Ce qui frappe aussi, c'est sa capacité à travailler les espaces comme des appareils de normalisation. Famille, couple, religion, classe, institutions : tout chez lui prend la forme de cadres qui accueillent et contraignent dans un même mouvement. Ses personnages ne vivent jamais dans un pur dehors romantique. Ils doivent traverser des structures, négocier avec elles, parfois les déjouer, parfois s'y épuiser. Cette dramaturgie du passage est l'une des grandes forces de son cinéma. Elle lui permet de rester politique sans illustrer un discours.
Il faut également souligner le rôle du mélodrame dans son œuvre. Non pas le mélodrame criard ou sentimentalement programmé, mais un mélodrame recalibré pour le contemporain, attentif aux humiliations minuscules, aux cérémonies sociales, aux scènes où tout se joue dans la façon de prendre place à table, de tenir un regard, d'entrer dans une pièce où l'on n'est pas attendu. Lelio sait que la violence moderne n'a pas toujours besoin de hurler. Elle peut parler poliment, exclure par procédure, blesser par habitude. Son cinéma capte admirablement cette texture.

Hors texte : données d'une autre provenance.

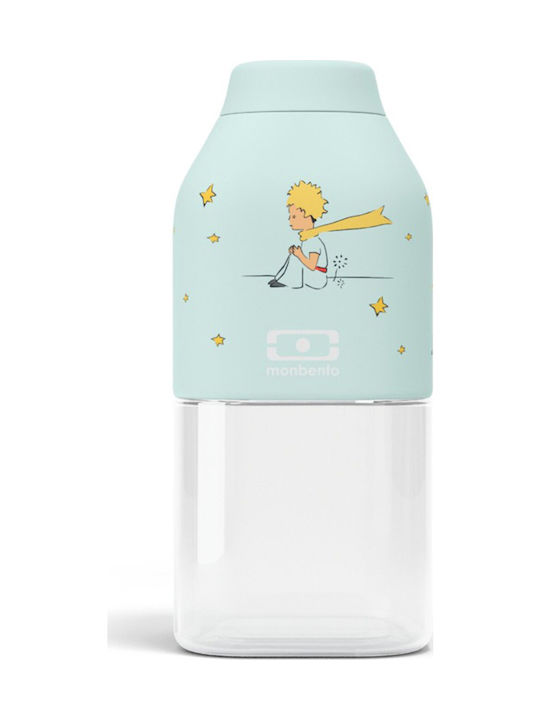 Monbento Positive S Le Petit Prince Planet Bottle Water Plastic with Screw Cap Light Blue 330ml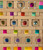 Mixture of Hashtags, Bitcoin Windows and Lucite cubes.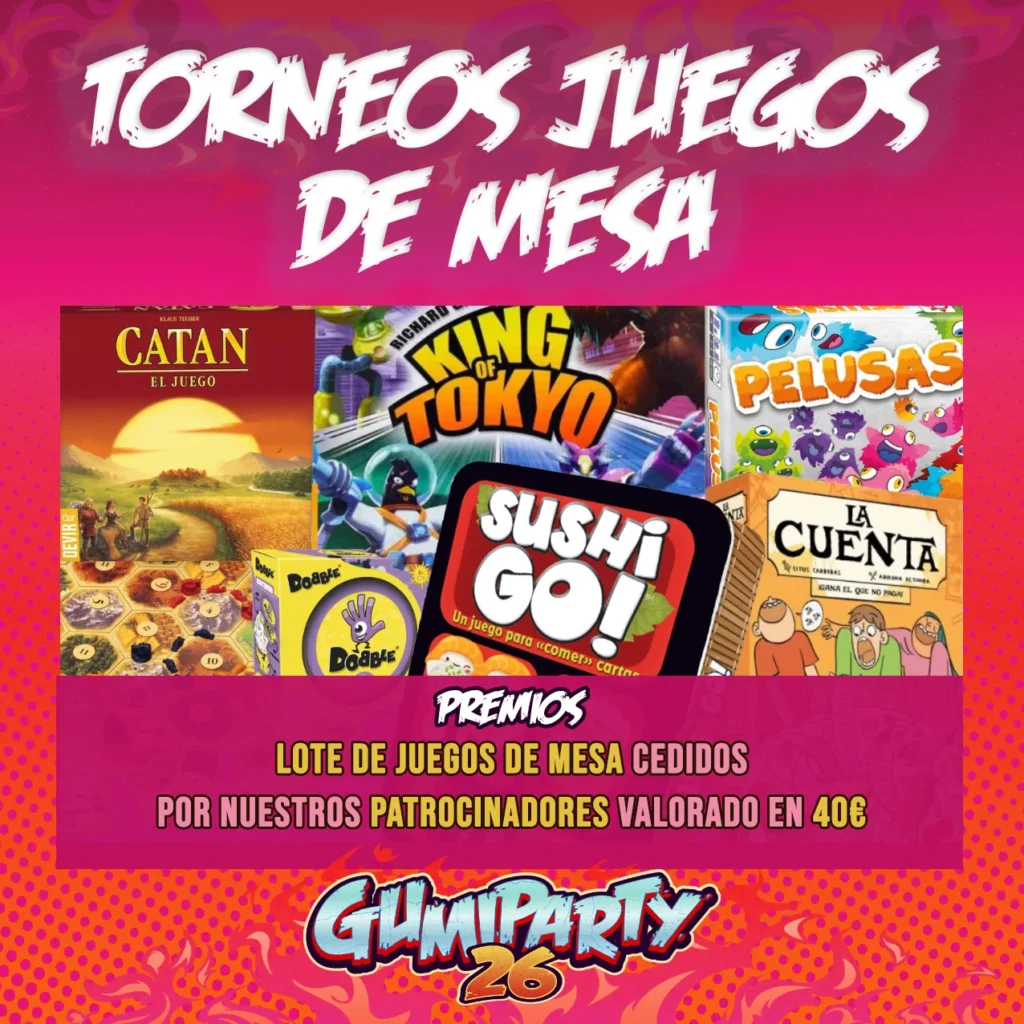 Torneos de Juegos de Mesa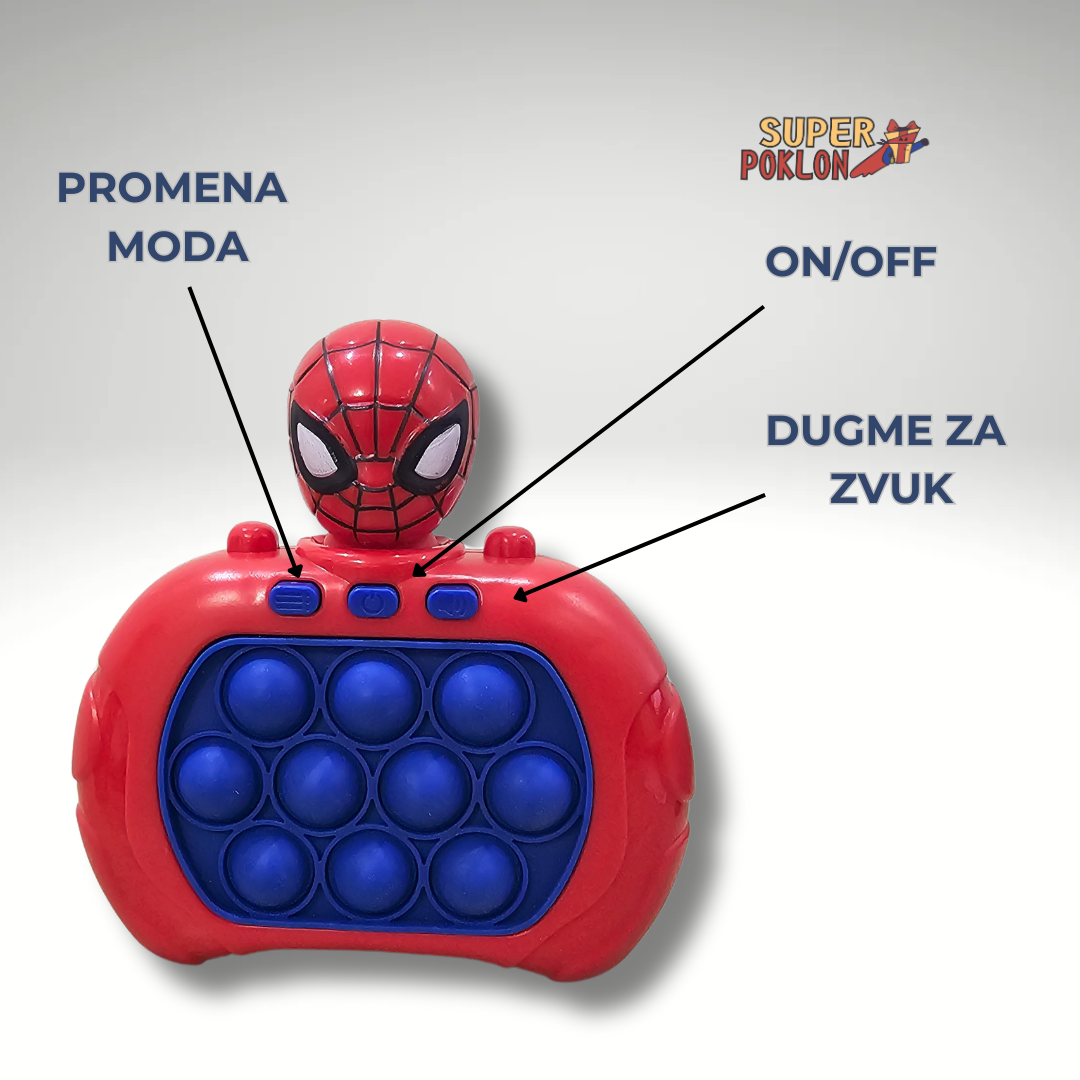 Spiderman POP IT-Konzola 4u1🕸❤️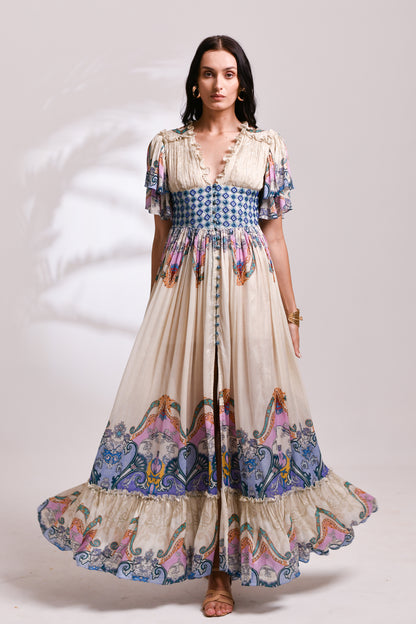 Amalfi Azure Maxi Dess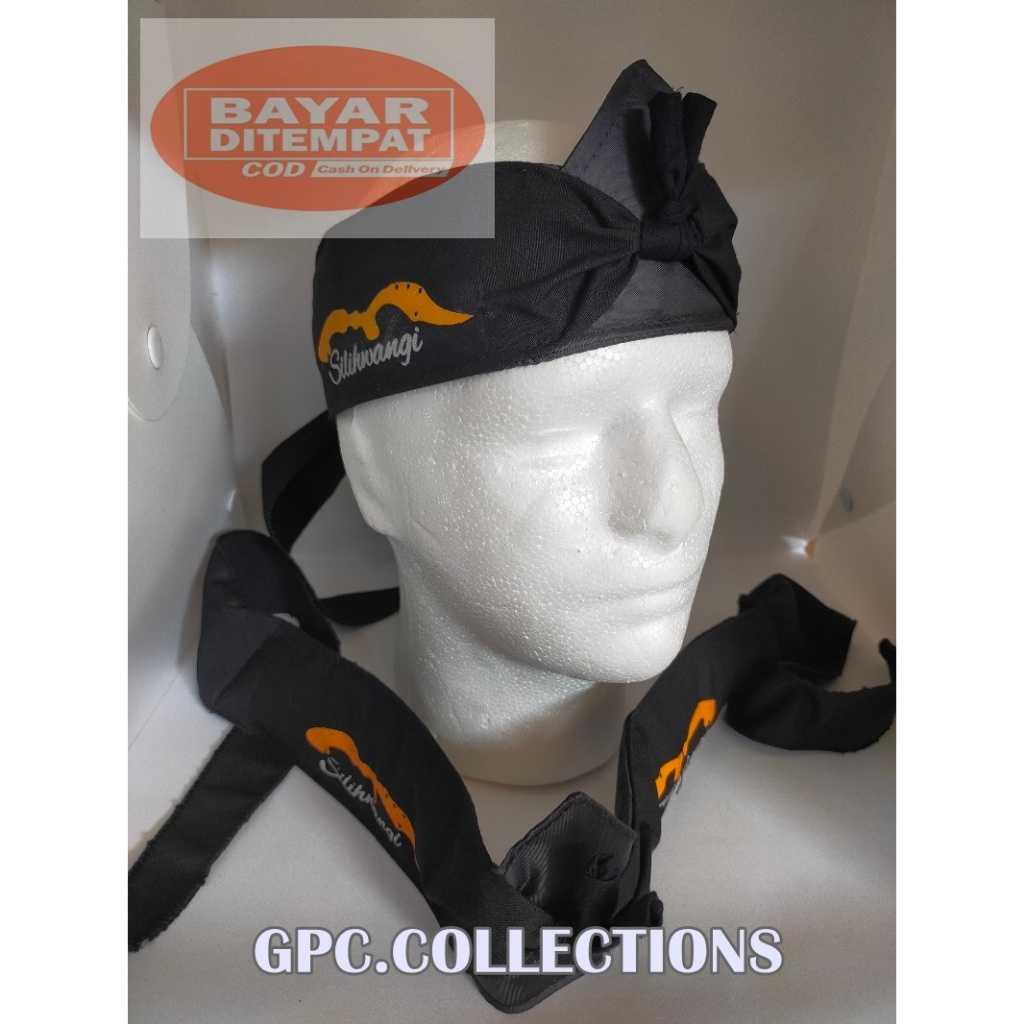 Ikat Kepala Sunda Silihwangi Bolong / Blangkon Sunda / Blangkon Motif Silihwangi Bolong Khas Sunda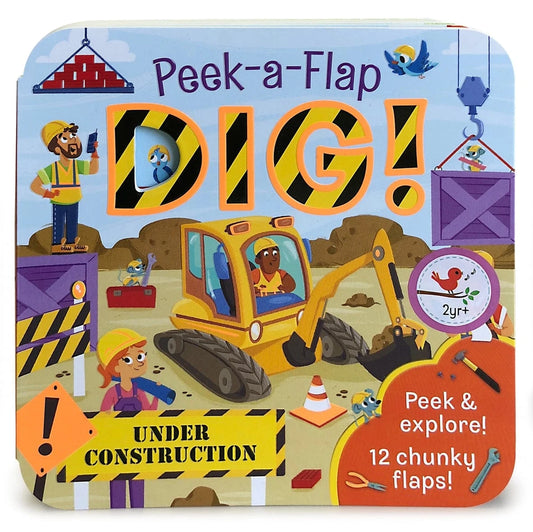 Dig! Construction Lift-A-Flap Board Book Cottage Door Press Lil Tulips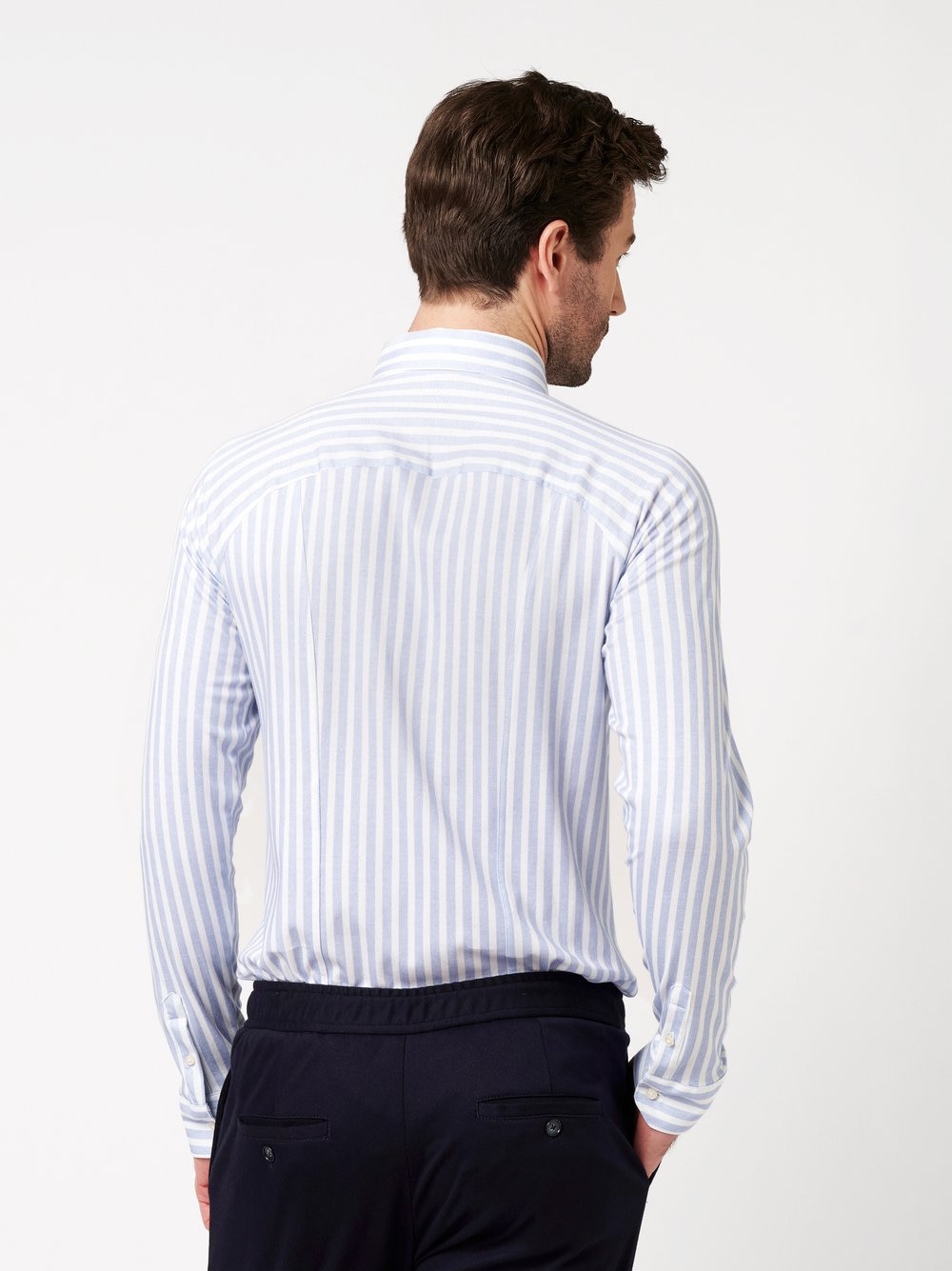 DESOTO Chemise à manches longues »Casual Kent 1/1« chemise business, col Kent, jersey, coupe étroite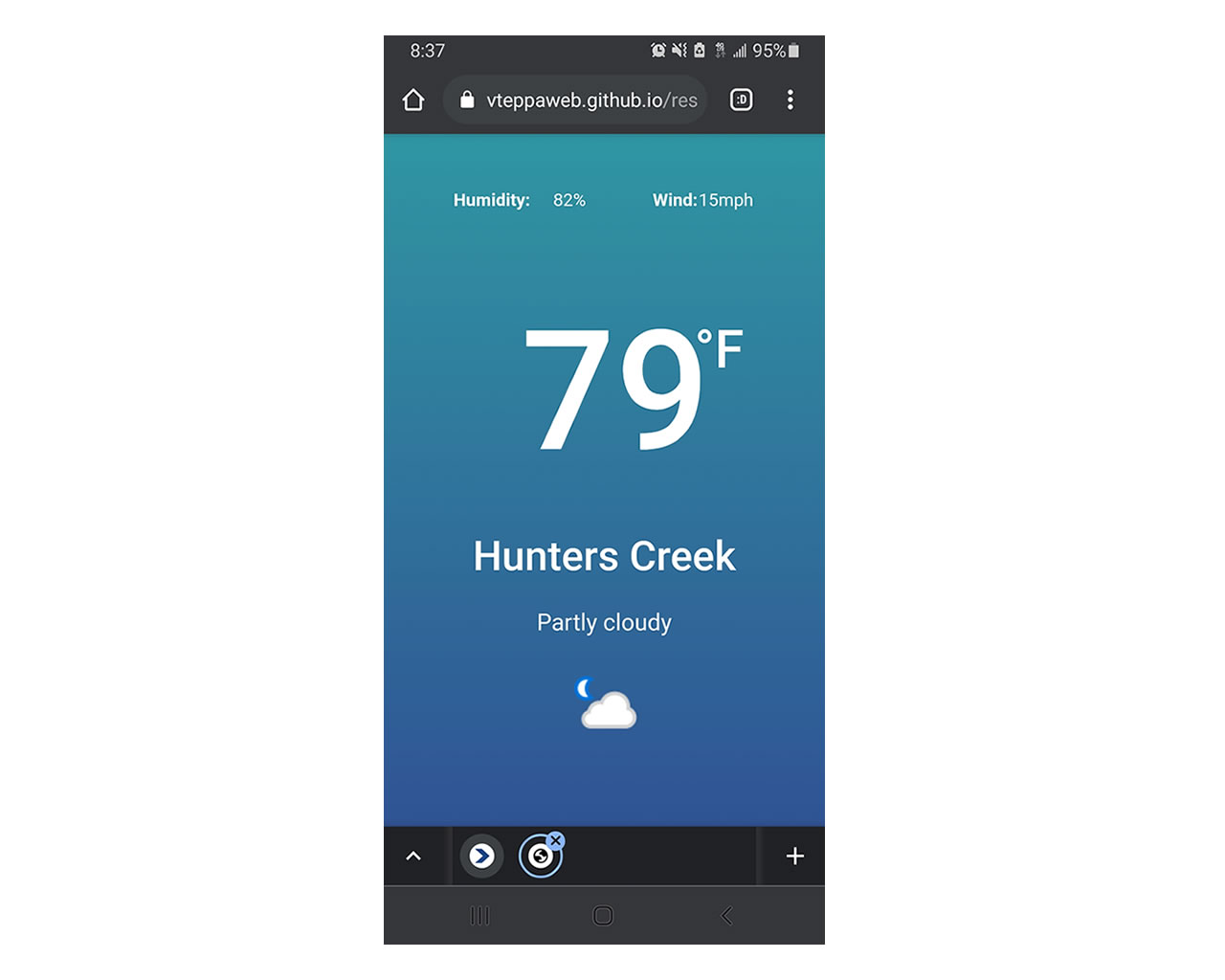 Fetch API - Weather
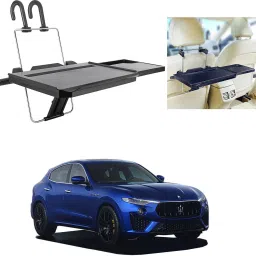 FT-08 Car Back Seat Tray, Foldable Laptop Desk and Food Tray For Levante Cup Holder Tray Table-image-83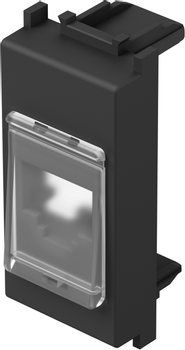 TEM Serie  Modul Steckdosen ADAPTER KS WITH DUST PROTECTIO (KM38SB-U)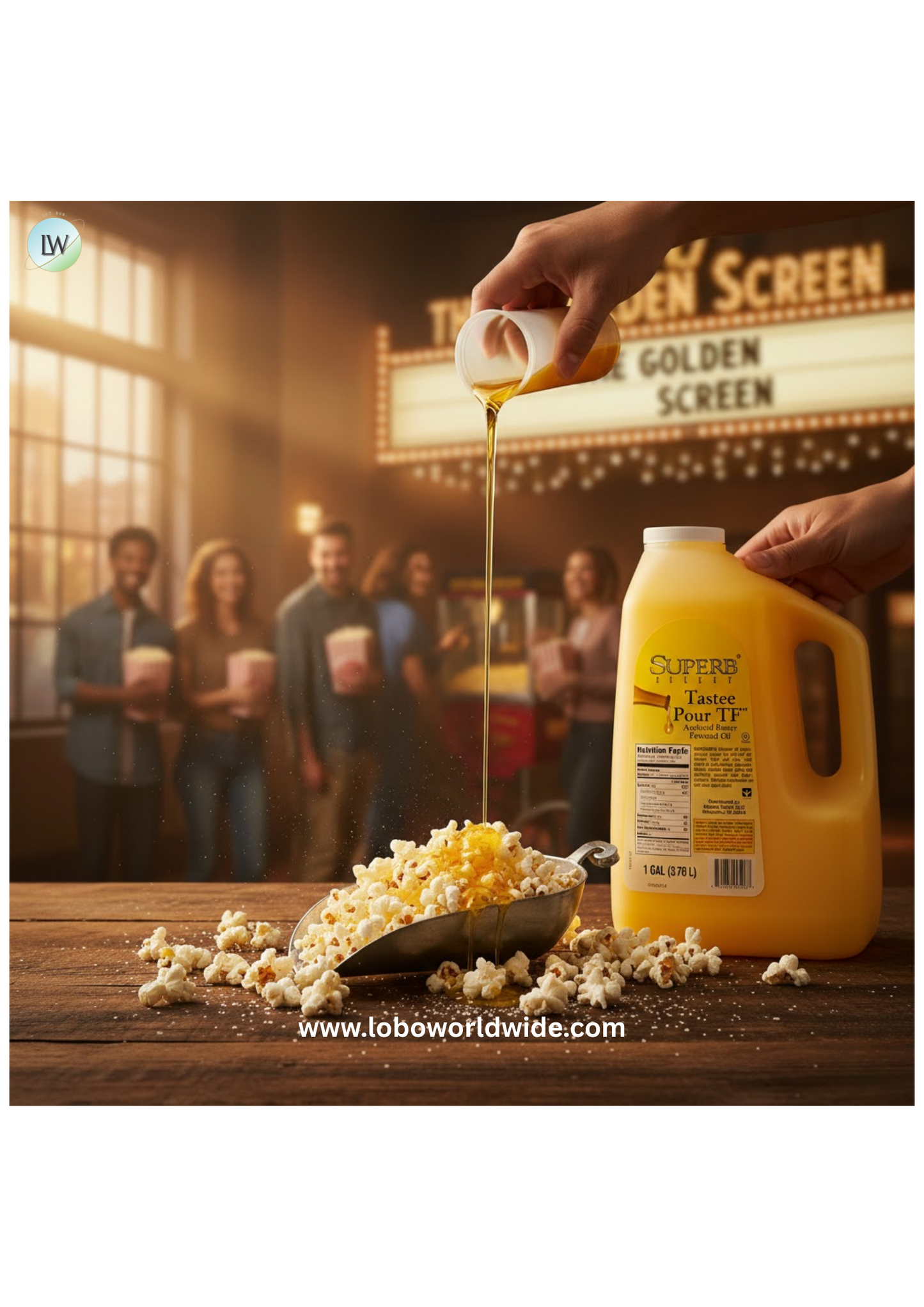 Superb Select 1 Gallon Liquid Butter Flavored Oil Alternative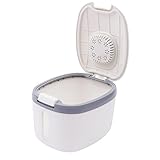 Bdneygtyr Depósito de 5 kg hermético, recipiente para harina y arroz con vaso medidor, protección contra insectos, almacenamiento para cocina, ventana transparente, ABS apto para alimentos para harina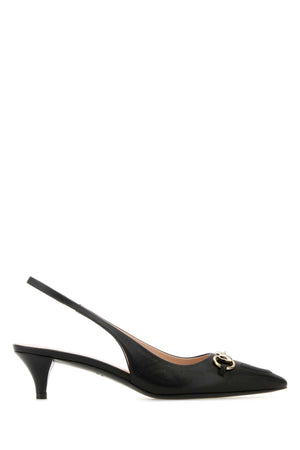 GUCCI Classic Leather Pumps with 4.5 cm Heel Height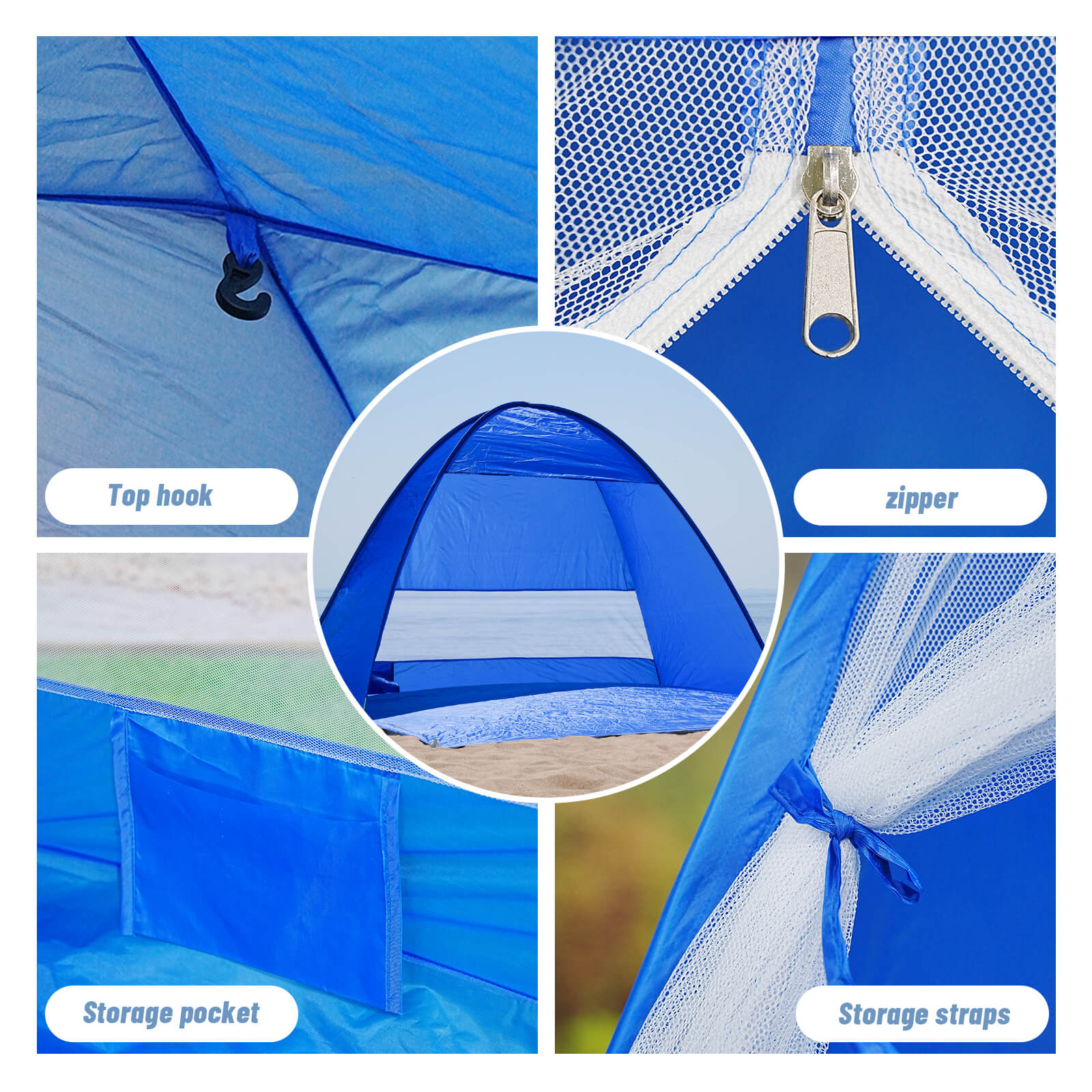 Beach tent detail close up beach tent frame mesh detail durable support breathable material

Lorsque sa carrière s'internationalise, notamment avec Disobedience ou The Wonder, cette sensibilité ne disparaît pas. Elle change d'échelle, de langue, de décor, mais reste reconnaissable. On y retrouve le même goût pour les personnages qui déplacent l'ordre établi par leur simple persistance. Cela dit beaucoup sur sa position dans le cinéma des années 2010 et des années 2020 : Lelio appartient à ces auteurs capables de circuler entre industries sans devenir interchangeables.
Sa présence répétée dans les grands circuits de festival n'a rien d'accidentel. Son travail répond à une attente du cinéma d'auteur contemporain, mais il la dépasse souvent. Là où d'autres films de prestige s'installent dans la correction morale ou dans le minimalisme décoratif, Lelio conserve un rapport charnel à ses récits. Il aime la musique, le mouvement, les irruptions de sensation, les moments où le réalisme bascule légèrement vers une intensité plus subjective. Ce sont ces glissements qui empêchent son cinéma de se figer en bon objet culturel.
Sebastián Lelio compte parce qu'il met en scène des sujets contemporains sans se soumettre à la rigidité du sujet. Il ne transforme pas ses personnages en emblèmes plats. Il leur laisse des zones opaques, des élans contradictoires, des désirs qui ne se résument pas à l'identité qu'ils défendent. Cette liberté est précieuse.
Dans le paysage du cinéma latino-américain et international, il incarne ainsi une forme rare de précision émotionnelle. Ses films savent que la dignité ne consiste pas à purifier un personnage de ses ambiguïtés, mais à lui reconnaître le droit d'exister dans toute son épaisseur. Peu de cinéastes actuels savent aussi bien filmer ce point de tension où une vie, regardée de travers par le monde, continue pourtant d'avancer avec une obstination lumineuse.